The Maccabees guitarist Felix White chats to Greg Talbot about developments in the studio, the joys of travel and his own sartorial regrets.

The Maccabees have started the year on a high after their much awaited third album, Given to the Wild, has been well received and reviewed. The group, who are from the south London area, formed back in 2003 and have become one of the most successful acts to survive the dark days of landfill indie. In conversation with Otwo, guitarist and vocalist Felix White recalls how much the band has grown and developed from their initial beginnings, when they had nothing more than a “pipe dream of sorts,” to the current day, where the band is in the middle of their European tour, which began last month. Despite possessing great talent, Felix speaks with an air of humility and modesty when remembering the band’s younger years. “We always did work, and we are honest and very openly a bit naïve to things, but that’s what bands starting out are, and I wouldn’t change any of that to be honest, because that’s how we got this point.”

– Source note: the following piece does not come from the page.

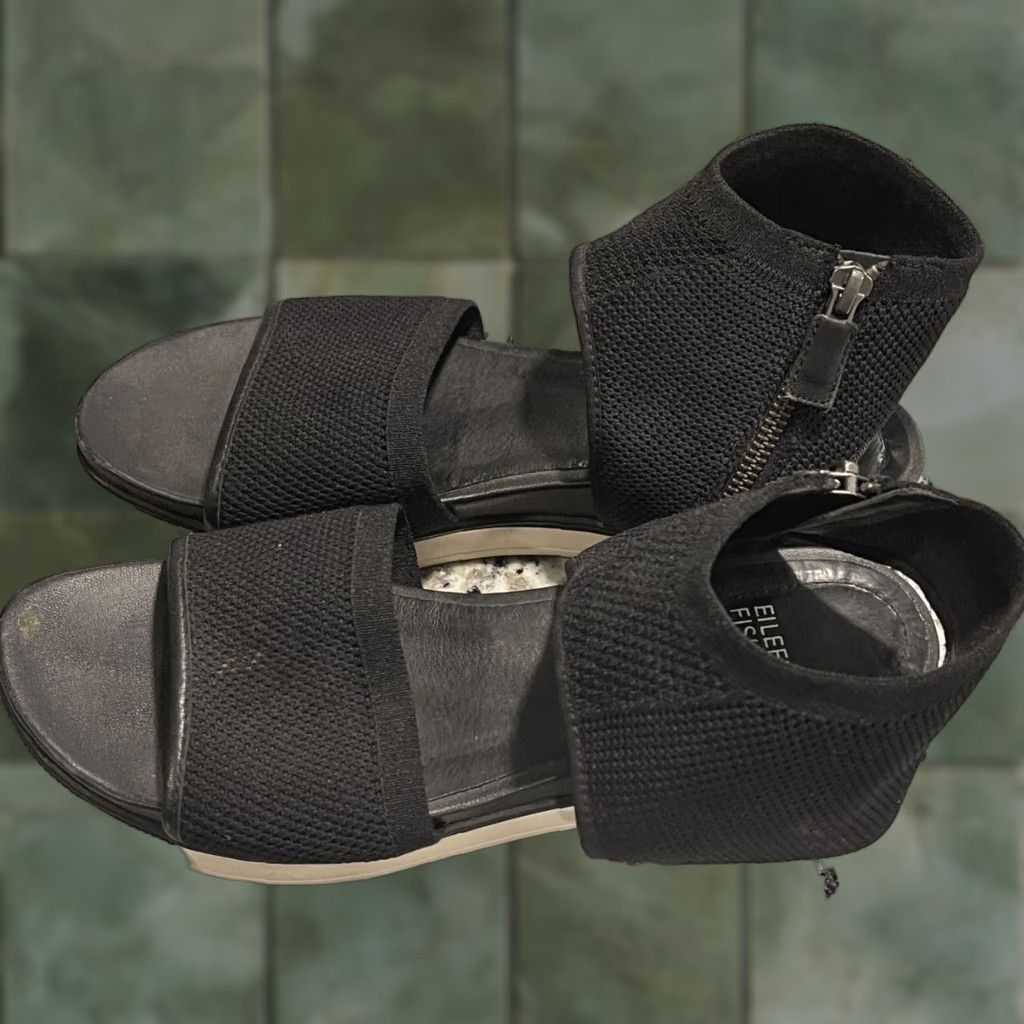 Eileen Fisher Eileen Fisher SPORT3-NU Black Size 8 Women Sandal Sport 3 Leather Wedge Zip Ankle Strap Criss-Cross Sandal Shoes Shoes Women Size US 8 / IT 38 - 1 Thumbnail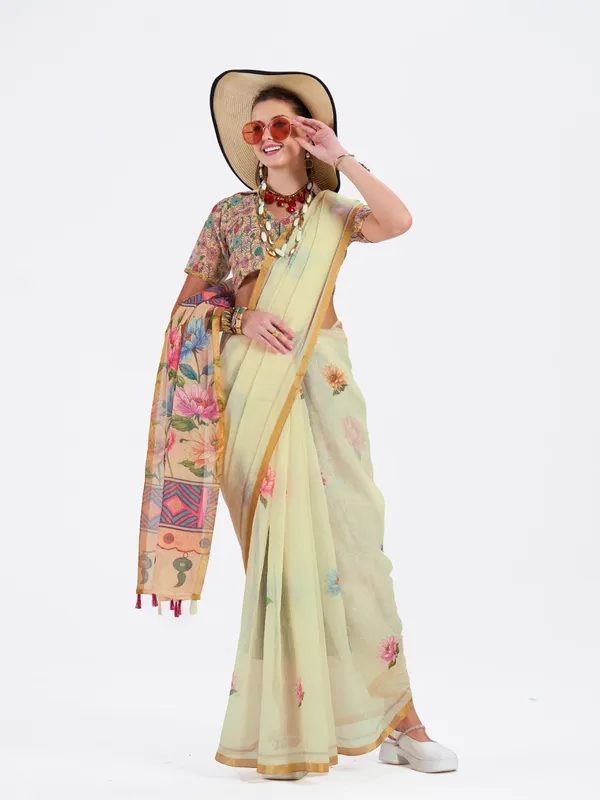 Digital_Print_Cotton_Linen_Saree_With_Unstitched_Blouse_Piece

Released in early January, Given to the Wild is different in numerous ways from the band’s previous albums, Colour it in and Wall of Arms. “We knew from the very start before we worked with anyone that we wanted it to be a different record.” The process that the members engaged in was new territory, but this did not stop the Maccabees from producing an evidently outstanding album. “It’s totally different in the way it was constructed, because everything else that the Maccabees had done to that point was started in the rehearsal room and working it out together and playing it live, and very often what you heard was how we worked it out in that room, plus brass or whatever that was done in production at the last moment. This one is kind of worked out the total opposite way. We started things just with little loops and stuff on computers and sending back and forth to each other. It was done away from rehearsal room, so that is a totally different way for the Maccabees to make music.”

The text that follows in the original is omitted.